“Should I stay or should I go?” a twenty-something colleague asked me recently, glancing at the closed door of the editor’s office and wondering whether she should wait until its inhabitant was off the phone or leave to make it to an appointment with her stylist.
“Ah,” I replied. “That is the eternal question. The Clash asked that question almost 30 years ago, and we are still asking it today.”
She gave me one of those blank stares that people of a certain age do so well.
“Who’s that?” she asked.
I was shocked. Shocked that anyone should be unaware of one of the most important bands to blast onto the scene during the British punk explosion of the late 1970s.
Joe Strummer, Mick Jones, Paul Simonon and Nicky “Topper” Headon combined to create a gritty, edgy expression of their view of the world built on themes that identified their time, and left us with a timeless statement of belligerent beauty, including “Should I stay or should I go,” which is one of the most poignant relationship songs ever written.
“Never heard of them,” my colleague said. She indicated that since she is not yet 30 years old, she couldn’t possibly be expected to be familiar with ancient bands like this, and gave the impression that anything that happened more than 30 years ago isn’t worth knowing.
That is where things get sticky.
Young people have an irksome habit of acting as if their version of pop culture is the first of its kind.
The fact is, there isn’t much that is really “new.”
Most things are simply a re-organization of elements borrowed or flat out stolen from things that have come before.
Those who do the best job of interpreting the past and taking it in a new direction are the innovators of their day. This is true whether it is music, art, or literature.
We will never understand this if we are not at least somewhat familiar with what has been done in the past.
Knowing something about the past also adds to our enjoyment of music because we can detect influences from other musicians and styles when we listen to it.
Some people see it as their duty to pass on this knowledge to their children or others around them.
They believe their kids should be exposed to everything from Beethoven to The Bangles; from Brubeck to Bowie; from AC/DC to ZZ Top.
We are fortunate to have the luxury of being able to choose from a multitude of music styles to fit any mood.
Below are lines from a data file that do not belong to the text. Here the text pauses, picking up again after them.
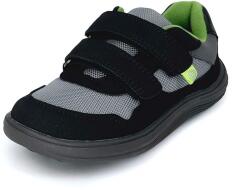 Bugga chlapecké celoroční barefoot tenisky SAFI Black B00201-10 | nízká obuv na suchý zip s flexibilní podrážkou - 35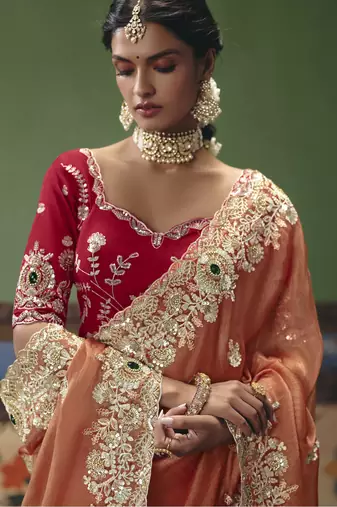 orange elegant fancy saree with embroidery sequins stones & pearl work with matching blouse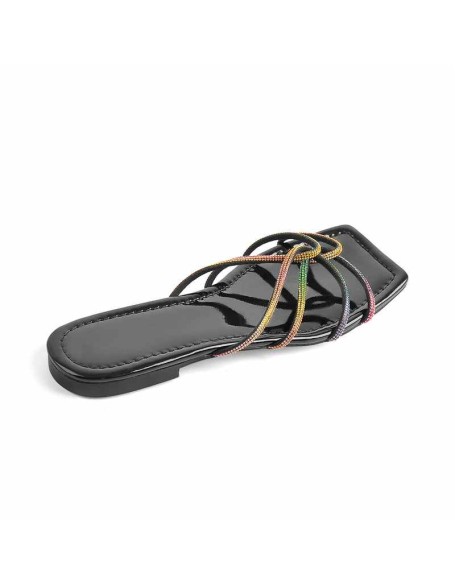 Square Toe Colorful Strap Flat Sandals Mules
To say that we should be aware of the past does not mean that we should not appreciate the new music that is being produced today.
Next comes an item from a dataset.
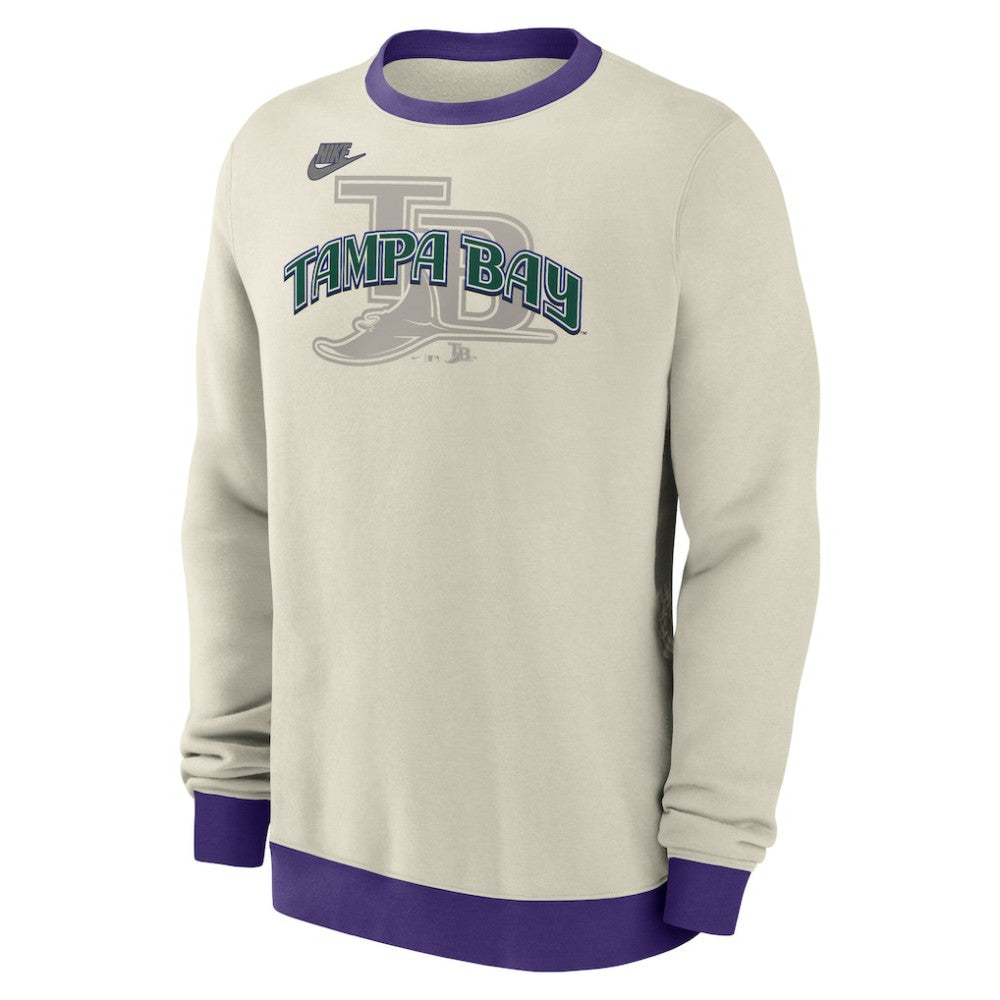 Cream Tampa Bay Rays Nike Cooperstown Collection Fleece Pullover Sweatshirt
In every generation there are a few musicians who rise up from the morass of mediocrity, and we must be prepared to embrace them when they do.
One of my favorite new artists is the Welsh singer, Duffy. She has a voice that hits one with the power of a commuter train re-arranging an errant pedestrian, which is to say, it has impact.
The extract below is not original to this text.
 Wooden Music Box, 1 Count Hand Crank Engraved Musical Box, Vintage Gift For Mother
As fresh as she is, there is something in her music that is reminiscent of the best of the Motown sound of the 1960s.
The generation clash works in both directions. Some refuse to acknowledge the music of the past, while others refuse to consider anything new.
We all have a special fondness for the music that was popular during our formative years, as it were, and this is understandable.
And yet, there is something infinitely sad about people who latch on to the music that they listened to in high school, and refuse to listen to anything else from that point on, as if they are frozen in time.
No music is that good.
We need not abandon the music of our youth, but we should make room for new experiences, including embracing the best new artists and discovering gems from the past.
With that said, it would be better to let the music die than to have it live on as elevator music or worse.
It makes my skin crawl when I hear songs that were once edgy and fresh and real that have been watered down and neutered by some advertising agency for use in car commercials or other soulless tripe.
The generation clash is always out there, and we must use care to avoid crashing into it no matter what age we are.